While traditional funding streams are under severe pressure, innovative financing mechanisms such as DIBs, are a complementary tool to attract new private capital and will also play a major role in bridging the financing gap to achieve the UN’s ambitious Sustainable Development Goals.
This DIB focuses on the quality of education through the delivery of specific measured outcomes of improved literacy and numeracy among children in India, as opposed to simply measuring the number of children in schools.
India has achieved a 99% rate of school access, but quality of learning has remained poor. A typical Indian student is at least two grades behind the level that is expected for their age. It is critical that the attention is now turned to improved learning levels.
Gyanshala, Kaivalya Education Foundation, a Piramal initiative, and the Society for All Round Development – all selected for their diverse and proven interventions – will work within the DIB mechanism to improve learning outcomes for thousands of children.
Phyllis Costanza, CEO, UBS Optimus Foundation, said: “DIBs align incentives between different actors. And so they have the potential to shift the development sector to focus on results and bring in substantial new capital to create social impact at a far greater scale, a key aim of UBS Optimus Foundation.”
Aditya Natraj, Founder and CEO, Kaivalya Education Foundation, said: “The DIB is providing crucial resource to allow us to train principals and teachers in integrated schools and drive up the quality of education for children in Gujarat.
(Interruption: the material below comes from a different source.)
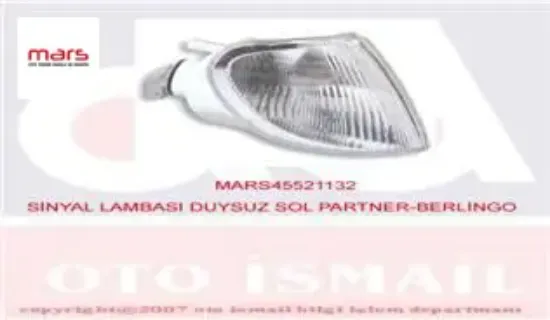 Sinyal duysuz sol partner-berlıngo 07/96-12/02 mars 6303,79 resmi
By aligning investment in projects with outcomes achieved, this type of outcome-based funding ensures maximum impact for the money spent, and promises a sustainable long-term source of income for effective interventions like our own.”
Notes to editors
This DIB consists of an international coalition of public, not for profit and private sector organisations.
NGOs: Kaivalya Education Foundation, Gyanshala and Society for All Round Development
Funders: HRH Prince Charles’s British Asian Trust, Michael & Susan Dell Foundation, Tata Trusts, Comic Relief, the Mittal Foundation, and British Telecom
Investors: UBS Optimus Foundation
Technical experts: Dalberg Consulting and Gray Matters India
Technical assistance partner: UK Government’s Department for International Development
The funding in year one will be invested into three education NGOs:
- Kaivalya Education Foundation (KEF): A School Leadership Development Programme in Gujarat which trains principals and teachers in integrated schools.
- Society for All Round Development (SARD): Two programmes in the north of Delhi – A teacher training programme which provides government teachers with the skills to handle multi-skill classes so that separate remedial classes are not required (indirect intervention) and a remedial intervention programme (direct intervention).
- Gyan Shala: New privately-operated free schools for out-of-school primary school-aged children in urban slums in Gujarat.